In June-July 2003, the Forum and the Pew Research Center for The People & The Press conducted a joint nationwide survey of Americans' views on religion, politics, and public policy. Concerning Israel, people were asked...
whether they sympathized more with Israel or the Palestinians in their longstanding dispute;
whether religious beliefs or other factors had the biggest influence on their thinking on this issue;
whether they believed God gave the land that is now Israel to the Jewish people;
whether they believed the state of Israel fulfills the biblical prophecy about Jesus' second coming.
Compared to other Americans, the survey found that white evangelical Protestants were...
significantly more sympathetic to Israel than to the Palestinians - 55% sympathized more with Israel,
only 6% with the Palestinians (versus 41% and 13%, respectively, of all those surveyed).

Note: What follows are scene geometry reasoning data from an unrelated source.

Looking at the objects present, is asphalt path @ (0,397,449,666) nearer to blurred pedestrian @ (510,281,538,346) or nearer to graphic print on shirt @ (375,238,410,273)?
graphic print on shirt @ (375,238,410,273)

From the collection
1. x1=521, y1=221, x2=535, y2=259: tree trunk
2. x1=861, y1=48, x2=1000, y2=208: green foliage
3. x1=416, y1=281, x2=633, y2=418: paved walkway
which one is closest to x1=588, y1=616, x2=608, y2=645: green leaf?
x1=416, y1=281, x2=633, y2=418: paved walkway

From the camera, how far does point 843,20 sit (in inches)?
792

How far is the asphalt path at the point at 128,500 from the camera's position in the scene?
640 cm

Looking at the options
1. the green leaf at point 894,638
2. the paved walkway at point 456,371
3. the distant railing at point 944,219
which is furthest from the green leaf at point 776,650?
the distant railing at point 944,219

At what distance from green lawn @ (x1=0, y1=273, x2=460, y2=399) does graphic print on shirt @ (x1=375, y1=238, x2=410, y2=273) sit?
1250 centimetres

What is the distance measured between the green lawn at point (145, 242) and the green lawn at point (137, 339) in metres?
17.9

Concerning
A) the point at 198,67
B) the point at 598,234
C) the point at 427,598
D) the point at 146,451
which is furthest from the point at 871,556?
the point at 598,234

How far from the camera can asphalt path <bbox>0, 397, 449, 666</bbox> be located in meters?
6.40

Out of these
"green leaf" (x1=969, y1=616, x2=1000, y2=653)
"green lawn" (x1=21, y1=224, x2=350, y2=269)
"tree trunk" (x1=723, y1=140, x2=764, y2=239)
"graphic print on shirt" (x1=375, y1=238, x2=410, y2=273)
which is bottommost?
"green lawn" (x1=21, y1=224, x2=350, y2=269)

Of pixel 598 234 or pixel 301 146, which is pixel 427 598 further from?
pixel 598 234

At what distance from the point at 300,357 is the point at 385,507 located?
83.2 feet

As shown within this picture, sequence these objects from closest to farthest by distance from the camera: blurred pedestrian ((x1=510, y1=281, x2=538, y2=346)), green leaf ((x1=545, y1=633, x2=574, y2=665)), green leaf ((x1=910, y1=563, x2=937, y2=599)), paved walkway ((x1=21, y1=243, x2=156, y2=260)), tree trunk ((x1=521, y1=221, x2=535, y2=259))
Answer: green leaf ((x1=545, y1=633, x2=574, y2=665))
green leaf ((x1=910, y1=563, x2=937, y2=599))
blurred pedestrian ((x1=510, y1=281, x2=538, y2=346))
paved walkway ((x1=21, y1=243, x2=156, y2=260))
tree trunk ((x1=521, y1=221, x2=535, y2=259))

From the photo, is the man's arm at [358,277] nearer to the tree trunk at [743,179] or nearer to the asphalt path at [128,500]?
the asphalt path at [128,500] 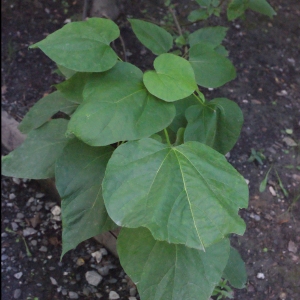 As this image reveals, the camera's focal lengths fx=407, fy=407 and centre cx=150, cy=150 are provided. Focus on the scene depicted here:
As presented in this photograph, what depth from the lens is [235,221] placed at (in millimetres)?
974

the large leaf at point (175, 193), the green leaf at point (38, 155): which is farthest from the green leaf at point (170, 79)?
the green leaf at point (38, 155)

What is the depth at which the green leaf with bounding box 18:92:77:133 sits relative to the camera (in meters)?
1.48

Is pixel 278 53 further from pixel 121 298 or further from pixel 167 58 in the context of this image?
pixel 121 298

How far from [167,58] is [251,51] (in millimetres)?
1463

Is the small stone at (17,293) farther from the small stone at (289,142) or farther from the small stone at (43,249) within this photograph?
the small stone at (289,142)

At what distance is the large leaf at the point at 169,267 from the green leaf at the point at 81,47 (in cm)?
50

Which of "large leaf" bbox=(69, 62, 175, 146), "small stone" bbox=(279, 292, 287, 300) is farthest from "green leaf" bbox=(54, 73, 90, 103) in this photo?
"small stone" bbox=(279, 292, 287, 300)

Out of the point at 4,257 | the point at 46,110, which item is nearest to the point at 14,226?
the point at 4,257

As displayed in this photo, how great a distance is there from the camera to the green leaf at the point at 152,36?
1365mm

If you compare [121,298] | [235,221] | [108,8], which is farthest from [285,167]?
[108,8]

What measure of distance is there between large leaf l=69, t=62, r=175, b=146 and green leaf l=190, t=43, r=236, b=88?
8.2 inches

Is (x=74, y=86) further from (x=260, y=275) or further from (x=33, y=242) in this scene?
(x=260, y=275)

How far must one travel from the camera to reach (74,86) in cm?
134

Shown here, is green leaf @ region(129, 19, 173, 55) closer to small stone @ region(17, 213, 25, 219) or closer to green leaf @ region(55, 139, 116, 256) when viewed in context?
green leaf @ region(55, 139, 116, 256) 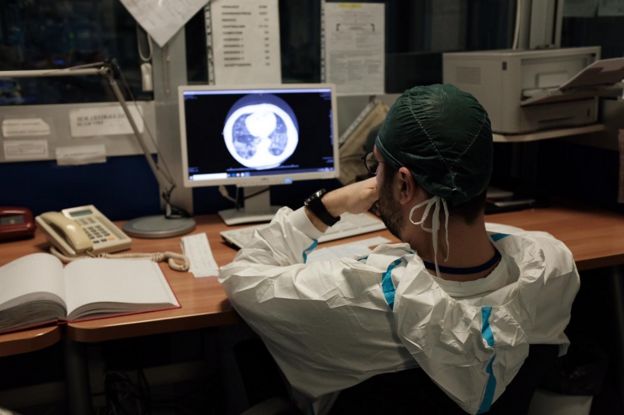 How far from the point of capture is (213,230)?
2.11 m

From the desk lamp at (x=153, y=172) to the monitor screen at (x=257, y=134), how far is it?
13 cm

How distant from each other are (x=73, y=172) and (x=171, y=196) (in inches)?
12.5

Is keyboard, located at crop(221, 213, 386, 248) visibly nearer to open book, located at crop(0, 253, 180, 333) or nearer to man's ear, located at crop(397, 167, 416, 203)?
Answer: open book, located at crop(0, 253, 180, 333)

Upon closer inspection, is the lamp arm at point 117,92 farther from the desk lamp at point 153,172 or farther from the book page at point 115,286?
the book page at point 115,286

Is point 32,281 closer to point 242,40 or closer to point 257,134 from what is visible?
point 257,134

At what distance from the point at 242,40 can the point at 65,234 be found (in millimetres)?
840

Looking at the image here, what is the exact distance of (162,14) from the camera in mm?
2102

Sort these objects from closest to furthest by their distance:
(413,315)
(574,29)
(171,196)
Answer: (413,315) → (171,196) → (574,29)

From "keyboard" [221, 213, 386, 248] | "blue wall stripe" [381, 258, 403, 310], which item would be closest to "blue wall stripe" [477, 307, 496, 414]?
"blue wall stripe" [381, 258, 403, 310]

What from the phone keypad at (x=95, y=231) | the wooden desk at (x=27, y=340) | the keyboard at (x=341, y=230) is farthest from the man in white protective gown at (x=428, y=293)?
the phone keypad at (x=95, y=231)

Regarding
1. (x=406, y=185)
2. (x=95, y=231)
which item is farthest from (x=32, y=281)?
(x=406, y=185)

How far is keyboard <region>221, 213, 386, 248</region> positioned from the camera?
194cm

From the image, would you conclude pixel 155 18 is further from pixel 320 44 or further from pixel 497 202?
pixel 497 202

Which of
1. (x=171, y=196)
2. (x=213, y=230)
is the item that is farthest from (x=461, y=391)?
(x=171, y=196) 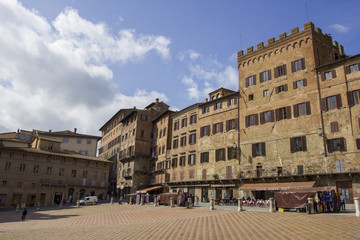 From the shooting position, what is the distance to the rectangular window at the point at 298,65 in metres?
33.6

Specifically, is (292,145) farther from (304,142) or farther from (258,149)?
(258,149)

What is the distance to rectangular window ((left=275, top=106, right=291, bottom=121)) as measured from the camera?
1319 inches

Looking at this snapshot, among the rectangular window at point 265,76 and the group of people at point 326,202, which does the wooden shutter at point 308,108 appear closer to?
the rectangular window at point 265,76

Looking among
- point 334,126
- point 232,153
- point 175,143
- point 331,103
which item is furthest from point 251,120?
point 175,143

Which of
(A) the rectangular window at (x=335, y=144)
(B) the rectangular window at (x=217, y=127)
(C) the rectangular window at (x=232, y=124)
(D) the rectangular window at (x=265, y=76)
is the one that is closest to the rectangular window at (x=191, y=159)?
(B) the rectangular window at (x=217, y=127)

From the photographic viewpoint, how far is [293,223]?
16578mm

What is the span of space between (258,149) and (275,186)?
567 centimetres

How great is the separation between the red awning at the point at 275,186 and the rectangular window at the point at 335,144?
12.5 feet

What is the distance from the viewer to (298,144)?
105ft

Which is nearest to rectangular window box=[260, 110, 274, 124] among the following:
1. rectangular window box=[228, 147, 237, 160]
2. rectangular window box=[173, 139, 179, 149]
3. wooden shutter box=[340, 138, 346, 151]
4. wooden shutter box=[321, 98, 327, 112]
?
rectangular window box=[228, 147, 237, 160]

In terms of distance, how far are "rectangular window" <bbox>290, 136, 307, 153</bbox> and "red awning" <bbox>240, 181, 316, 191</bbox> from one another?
3611mm

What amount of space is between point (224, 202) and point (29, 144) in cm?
5002

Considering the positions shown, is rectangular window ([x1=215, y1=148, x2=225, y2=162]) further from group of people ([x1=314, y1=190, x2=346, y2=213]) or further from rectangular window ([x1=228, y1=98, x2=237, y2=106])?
group of people ([x1=314, y1=190, x2=346, y2=213])

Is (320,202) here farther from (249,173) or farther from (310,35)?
(310,35) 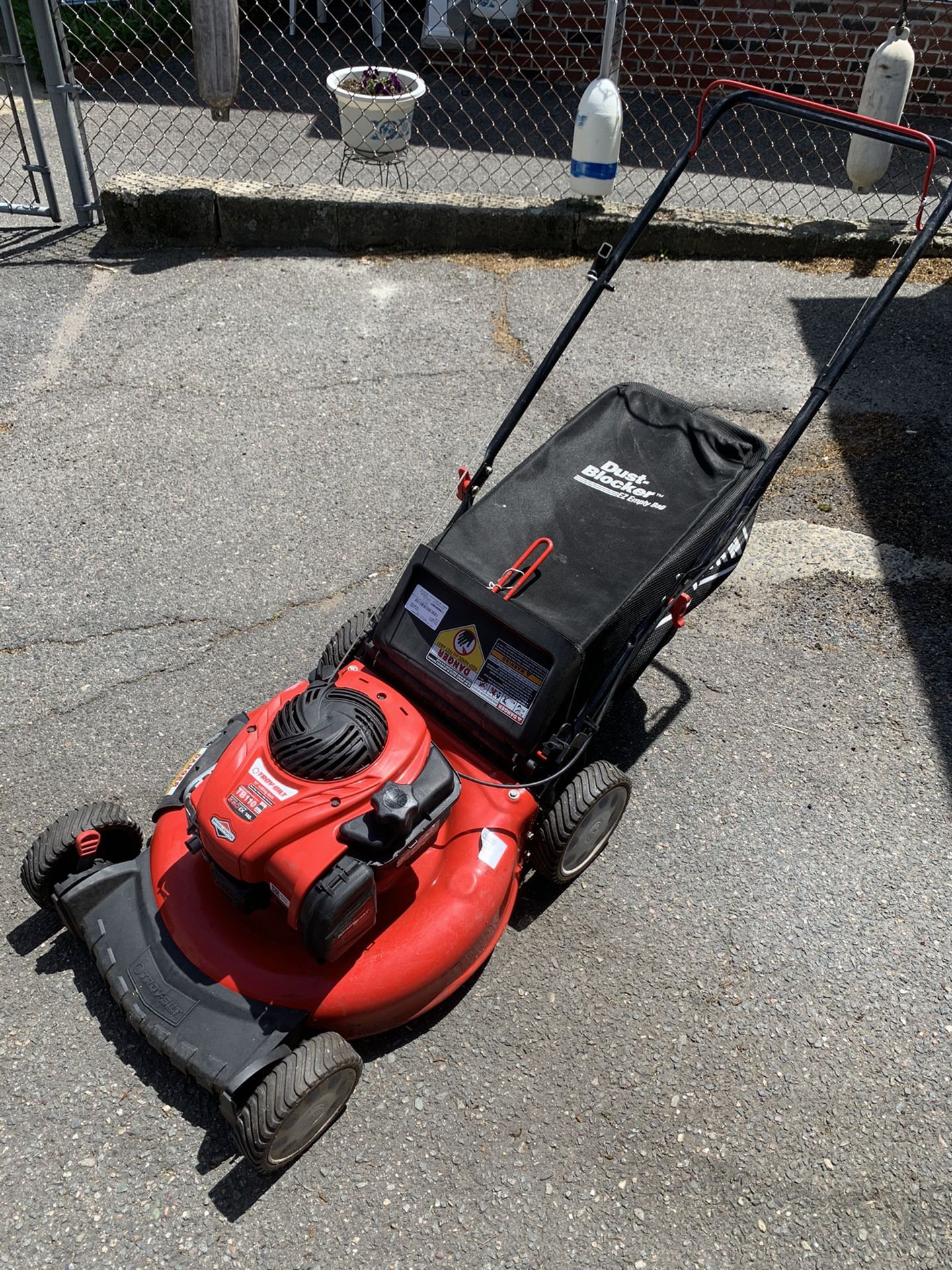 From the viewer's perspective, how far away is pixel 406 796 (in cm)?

significantly more likely to say that religious beliefs were the single biggest influence in leading them to sympathize more with Israel - 46% versus 26% of all those surveyed.
significantly more likely to believe that God gave the land of Israel to the Jews - 72% versus 44% of all those surveyed.
significantly more likely to believe that Israel fulfills the biblical prophecy about Jesus' second coming - 63% versus 36% of all those surveyed.
More recently, in March-May 2004, the Pew Forum on Religion & Public Life sponsored a nationwide survey in which people were asked: "Should the U.S. support Israel over the Palestinians?" Unlike the questions in the 2003 survey, this one specifically asked Americans what they think about U.S. policy towards Israel and the Palestinians. The complete results are provided in the table below.
As the table indicates, Americans overall were fairly evenly divided as to whether the U.S. should support Israel over the Palestinians: 35% agreed, while 38% disagreed, with 27% expressing no opinion.
If anything, slightly more Americans believe that the U.S. should not support Israel over the Palestinians than believe that it should.
As one would expect from the 2003 survey results, the picture is dramatically different for white evangelical Protestants. Overall, more than twice as many white evangelicals agreed that the U.S. should support Israel over the Palestinians than disagreed: 52% agreed, while 25% disagreed, with 23% expressing no opinion.
The survey also found that "traditionalist" evangelicals - who are characterized by a high level of orthodox belief and a high level of church attendance, and who are the largest subgroup of evangelicals - are even more likely to agree that U.S. policy should tilt towards Israel: 64% agreed, while 18% disagreed, with 18% expressing no opinion. (According to a post-election analysis sponsored by the Pew Forum, "traditionalist" evangelicals provided Bush with 27% of his vote total in 2004.)
Pew Forum-sponsored surveys show that, between 2000 and 2004, evangelicals showed the greatest increase in support for Israel of any religious group: up 14% since 2000, to 52%.
The survey found that white evangelicals are virtually the mirror opposite of "secular" Americans in their attitudes towards Israel: only 23% of seculars agree that the U.S. should support Israel over the Palestinians, while 51% disagree, with 26% expressing no opinion.